Fixing Android Animation Jank with Perfetto & Macrobenchmark

2025-10-26 by Nikolay Vlasov

When the UI starts to lag, you can't find the cause with a simple glance—you need powerful tools. In this article, we'll show you how to use the professional arsenal of an Android developer—Macrobenchmark and Perfetto—to hunt down "janky frames" in a view animation. You'll go through the entire process from measuring the problem to solving it and see how data analysis transforms a lagging interface into a perfectly smooth one.

Hello! In my previous article, we integrated LeakCanary to catch memory leaks, using a ShimmerView as our test subject. This component did its job perfectly, but on some devices, I started noticing animation stutters—the very "janky frames" that ruin the user experience.

Just looking at a laggy UI is not our way. As engineers, we must approach the problem systematically: measure, analyze, find the cause, and fix it, then measure again to confirm our success.

In this article, I will show the entire process of investigating the performance of ShimmerView:

Writing a Macrobenchmark to get objective and reproducible performance metrics.
Analyzing traces in the Perfetto UI using SQL queries to find the bottleneck.
Formulating and testing a hypothesis about the cause of the FPS drops.
Implementing an optimization based on the data obtained.
Verifying the result and summarizing the findings.

Chapter 1: Measuring the Problem with Macrobenchmark

To understand how bad things are, we need concrete numbers. The ideal tool for this is Android Macrobenchmark. It allows us to run UI scenarios on real devices and collect performance metrics, such as FrameTimingMetric, which tracks the render time of each frame.

In a perfect world, to get a complete performance picture, tests should be run on a wide range of devices: from budget models to flagships. This helps to understand how the application behaves with different processor powers, RAM sizes, and screen resolutions.

However, for an initial assessment and to identify the most obvious problems, it's enough to use one representative device. In my case, the choice fell on a Huawei Honor 10i running Android 9. This smartphone, released in 2019, is equipped with a Kirin 710 processor and 4 GB of RAM, which can be considered modest specifications today. If an animation "lags" on such a device, the problem will likely be noticeable on more powerful models as well, albeit to a lesser extent. Thus, testing on a deliberately weaker device allows for the effective identification of performance bottlenecks.

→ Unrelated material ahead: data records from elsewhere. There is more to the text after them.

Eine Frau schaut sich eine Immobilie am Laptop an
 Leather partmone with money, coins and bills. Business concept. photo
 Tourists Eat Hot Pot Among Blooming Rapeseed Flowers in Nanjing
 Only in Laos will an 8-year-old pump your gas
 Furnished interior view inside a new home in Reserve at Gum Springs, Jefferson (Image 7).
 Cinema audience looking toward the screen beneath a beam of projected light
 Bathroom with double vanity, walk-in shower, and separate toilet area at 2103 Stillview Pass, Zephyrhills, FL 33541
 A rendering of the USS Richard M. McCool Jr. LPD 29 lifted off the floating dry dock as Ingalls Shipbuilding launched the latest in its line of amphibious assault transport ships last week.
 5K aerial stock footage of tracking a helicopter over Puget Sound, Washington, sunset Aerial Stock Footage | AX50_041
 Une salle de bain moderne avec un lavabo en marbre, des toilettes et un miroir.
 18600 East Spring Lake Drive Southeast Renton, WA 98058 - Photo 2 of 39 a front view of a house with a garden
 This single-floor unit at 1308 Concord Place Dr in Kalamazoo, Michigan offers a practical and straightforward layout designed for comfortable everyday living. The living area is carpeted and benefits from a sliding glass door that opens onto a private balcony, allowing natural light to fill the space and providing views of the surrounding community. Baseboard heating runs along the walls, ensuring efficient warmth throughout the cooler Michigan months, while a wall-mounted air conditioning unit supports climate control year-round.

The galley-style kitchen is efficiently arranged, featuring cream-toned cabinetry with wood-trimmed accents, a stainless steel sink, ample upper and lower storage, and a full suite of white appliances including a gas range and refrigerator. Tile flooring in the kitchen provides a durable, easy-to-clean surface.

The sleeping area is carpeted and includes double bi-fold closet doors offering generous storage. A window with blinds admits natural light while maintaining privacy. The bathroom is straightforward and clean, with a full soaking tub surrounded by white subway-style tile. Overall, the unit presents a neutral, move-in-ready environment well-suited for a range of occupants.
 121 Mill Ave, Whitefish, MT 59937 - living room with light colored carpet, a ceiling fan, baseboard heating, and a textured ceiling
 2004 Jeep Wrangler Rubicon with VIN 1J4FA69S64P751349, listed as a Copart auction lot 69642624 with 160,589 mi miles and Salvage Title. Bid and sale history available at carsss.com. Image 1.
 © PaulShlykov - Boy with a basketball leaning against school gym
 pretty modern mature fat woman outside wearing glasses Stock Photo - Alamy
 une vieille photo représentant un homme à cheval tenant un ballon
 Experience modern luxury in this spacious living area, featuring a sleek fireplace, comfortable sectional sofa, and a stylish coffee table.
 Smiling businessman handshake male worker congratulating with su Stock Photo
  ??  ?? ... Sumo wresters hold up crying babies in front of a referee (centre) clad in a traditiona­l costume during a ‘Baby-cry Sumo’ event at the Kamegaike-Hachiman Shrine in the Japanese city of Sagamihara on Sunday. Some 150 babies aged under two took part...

Here is my test for the basic, unoptimized version of ShimmerView:

@RunWith(AndroidJUnit4::class)
class AnimationBenchmark {

    @get:Rule
    val benchmarkRule = MacrobenchmarkRule()

    @Test
    fun shimmerAnimationBasic() {
        measureAnimation(
            testName = "shimmer_basic",
            stringResName = "basic_shimmer",
            viewToWaitForId = "basic_shimmer_view"
        )
    }

    // ...

    private fun measureAnimation(
        testName: String,
        stringResName: String,
        viewToWaitForId: String
    ) {
        benchmarkRule.measureRepeated(
            packageName = "com.ndev.android.ui.sample",
            metrics = listOf(FrameTimingMetric()),
            iterations = 3,
            startupMode = StartupMode.WARM, // Simulate launching from memory
            setupBlock = {
                // Preparation: start Activity, navigate to the right screen
                startActivityAndWait()
                navigateToScreen(stringResName, viewToWaitForId)
                ensureAnimationStopped()
            }
        ) {
            // Measurement: start the animation and wait
            startAnimation()
            Thread.sleep(35_000L) // ANIMATION_DURATION_MS
            stopAnimation()
        }
    }
    // ... rest of the test code
}

Why does the animation last 35 seconds?

Many performance issues are cumulative. A short test (1-2 seconds) might not reveal problems related to CPU throttling due to heat, pressure on the Garbage Collector, or other effects that manifest over time. A long measurement gives us a more complete and honest picture.

After running shimmerAnimationBasic, we get the following results:

frameCount           min 2,179.0,   median 2,184.0,   max 2,187.0
frameDurationCpuMs   P50     12.2,   P90     27.1,   P95     28.6,   P99     29.2
Traces: Iteration 0 1 2

Analysis of the results:

P50 (median) at 12.2 ms looks good. It's less than the 16.6 ms required for 60 FPS.
But P90 (90% of frames render slower than this value), P95, and P99 are a disaster. 29.2 ms at the 99th percentile means that at its worst, our FPS drops to ~34 (1000 / 29.2). These are the "janks" we're talking about.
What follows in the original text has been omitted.